If you want to send to improve accuracy of incremental, can try to modify the size of the train_x, from 9000 to 10000, in cifar100. Add in py, as well as in the BIC algorithm, the paper just changed the new category of bias, the old class bias did not change, this you can see, the last point is that you need in front of the previous_model plus with the torch. No_grad or self. Previous_model. Eval ()
I hope your algorithm can reach the result of the paper as soon as possible
I duplicated it successfully, and the result was 0.817 0.7265 0.6555 0.5971 0.5561. I checked the experimental part of BIC paper again, and found that the author might deliberately choose the best data to write in the paper. The reason is that in Figure 8 of the paper, the first 20 categories do not increase. If the same model is selected, such as ResNet, for training, then the purple circle is unlikely to be 2% higher than other coils, such as ICARL
It's possible. Thank you for your help!
I have incorporated the same with a dynamic model and a couple of other details, e.g., the authors say that the bias correction should be done only after the second incremental batch has arrived. You can find the implementation at https://github.com/srvCodes/continual-learning-benchmark. @sairin1202 - thanks for having made your code public, would not be possible without that. :+1:
Hello, Please, I wonder why you multiply the distillation loss by T² and not by alpha?
I would say that the original formula of distillation is:
loss = alpha * loss_soft_target + (1-alpha) * loss_hard_target
instead of
loss = loss_soft_target * T * T + (1-alpha) * loss_hard_target
@EdenBelouadah I think they scale the distillation loss by T² because that's they say to do in the original knowledge distillation paper when using both soft and hard targets in the loss:
"Since the magnitudes of the gradients produced by the soft targets scale as 1/T² it is important to multiply them by T² when using both hard and soft targets. This ensures that the relative contributions of the hard and soft targets remain roughly unchanged if the temperature used for distillation is changed while experimenting with meta-parameters."
- (See the last paragraph of section 2 "Distillation" here).

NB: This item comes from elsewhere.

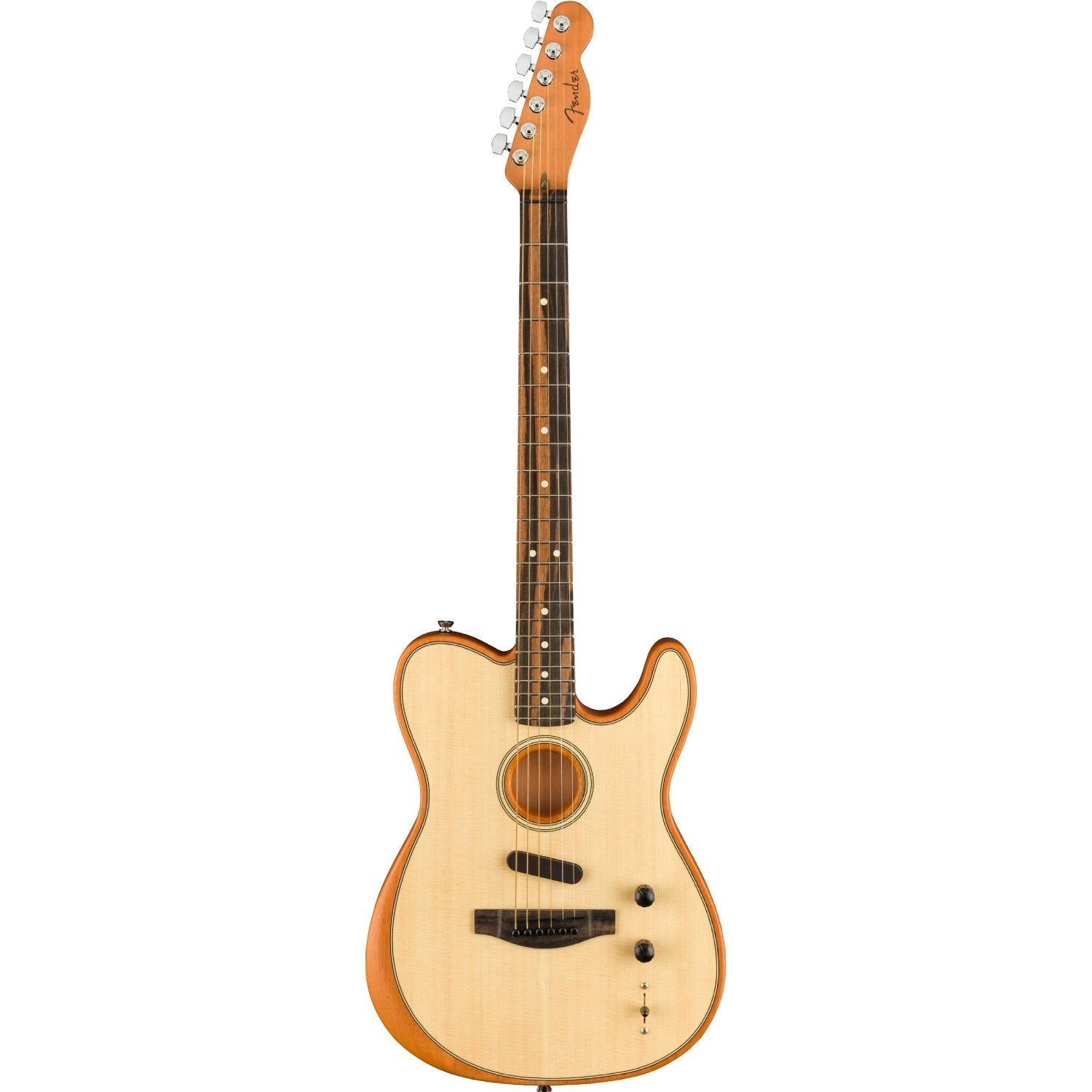 Đàn Guitar Acoustic Fender American Acoustasonic Telecaster-Mai Nguyên Music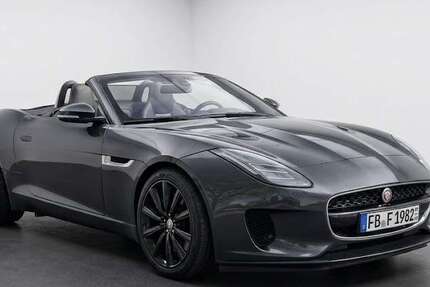 Jaguar F-Type 66.700 km 46.500 &euro; Niddatal 61194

I don't think they do this scaling though in the original Large Scale Incremental Learning paper though. (See calculation of loss here). It looks like in the original implementation, they use:
loss = alpha * loss_soft_target + (1-alpha) * loss_hard_target
as described in the paper.
@EdenBelouadah I think they scale the distillation loss by T² because that's they say to do in the original knowledge distillation paper when using both soft and hard targets in the loss:
"Since the magnitudes of the gradients produced by the soft targets scale as 1/T² it is important to multiply them by T² when using both hard and soft targets. This ensures that the relative contributions of the hard and soft targets remain roughly unchanged if the temperature used for distillation is changed while experimenting with meta-parameters."
- (See the last paragraph of section 2 "Distillation" here).
I don't think they do this scaling though in the original Large Scale Incremental Learning paper though. (See calculation of loss here). It looks like in the original implementation, they use:
loss = alpha * loss_soft_target + (1-alpha) * loss_hard_target
as described in the paper.
Thank you for the answer. I understand the use of T². However, the distillation used here is:
loss = loss_soft_target * T * T + (1-alpha) * loss_hard_target
I still don't understand why "loss_hard_target" is multiplied by (1-alpha)? alpha is supposed to weighten the contribution of distillation vs. classification loss, isn't it? (I mean shouldn't we multiply "loss_soft_target T T" by alpha? Thank you
Thank you for your contribution. I would like to ask why there is a big error between the experimental results and the paper. I don't know right now.